Armey also said the relationship with Beck expanded to include rallies that were co-sponsored by Beck and FreedomWorks, and included appearances by FreedomWorks President and CEO Matt Kibbe.
Armey said he objected to these events, dubbed FreePACs, because they often charged admission to FreedomWorks activists.
A review of promotional information for the events found $20 was a standard donation requested at some of the locations, while a Dallas, TX., FreePAC last summer charged prices as high as $971.
“You don't charge activists to attend rallies. I would consider that wholly inappropriate behavior,” Armey said. “There was a lot of resentment on the part of the activists. They would naturally expect that they are providing the activist power and think that they have a right to attend.”
“The principal value to anyone from the relationship with Beck was Matt Kibbe, who got to share Beck's stage with him,” Armey said, adding that he found out about the July 2012 Dallas rally after his name was already being used to promote it.
“They put out an email under my name that had more information than I had,” he recalled. “That is why when I resigned I had them cease and desist using my name.”
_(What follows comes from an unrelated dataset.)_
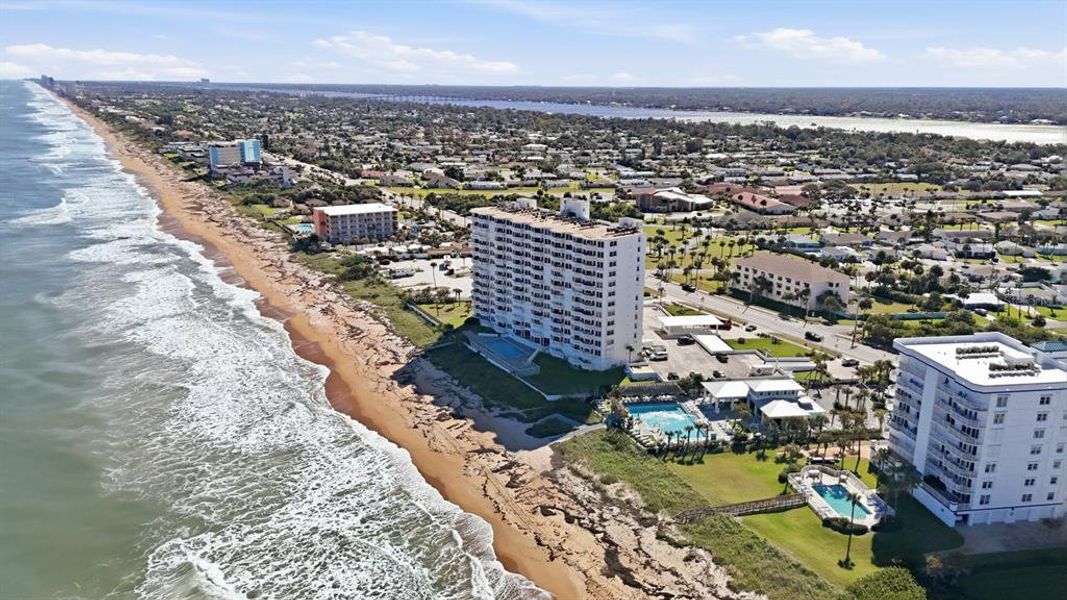 Condo located in Daytona Beach, FL showcasing its design and architecture (Image 47).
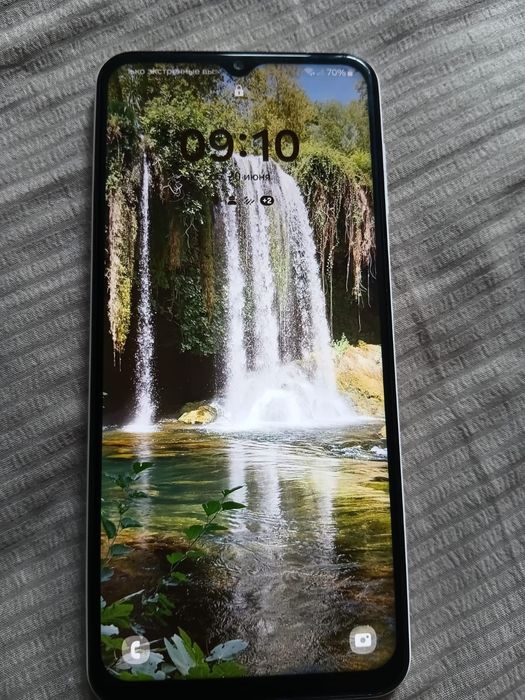 Продам  телефон.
Armey said he began looking into the specifics of the Beck and Limbaugh arrangements last year after hearing from others in the organization that such activities were being done without his knowledge.
“I had come to the point where I don't know how much we are spending on Beck and Limbaugh, but we are spending too damn much and we are getting too little value out of it,” Armey said. "It was something I only found out about after inquiring into the affairs in September or October.
“Starting in January of last year, in that general neighborhood, what we had was a pattern that Kibbe got into a pattern of consistently working out arrangements with people without telling me what he was doing,” Armey added. “They had people issue directives, 'don't tell Armey about this.' I had people close to me saying there is something fishy here, you better look into it.”
Armey pointed out that any reports of revenue raised through the Beck and Limbaugh arrangements does not take into account the money paid to them in the deal.
“It is like federal budgeting,” he said. “We count the receipts we get from people who have sent in money, and we, meaning they, I am not a part of it anymore, do not count what the funds that are laying out are. They don't say, we paid Beck a million dollars and we had this program where we raised $300,000, you had a net cost of $600,000, or whatever the numbers are.”
But don't expect those payments to end: FreedomWorks' leaked 2013 budget plan includes “Glenn Beck Radio Ads,” “Blenn Beck TV,” “TheBlaze Action Center,” and the “Rush Limbaugh Contract.”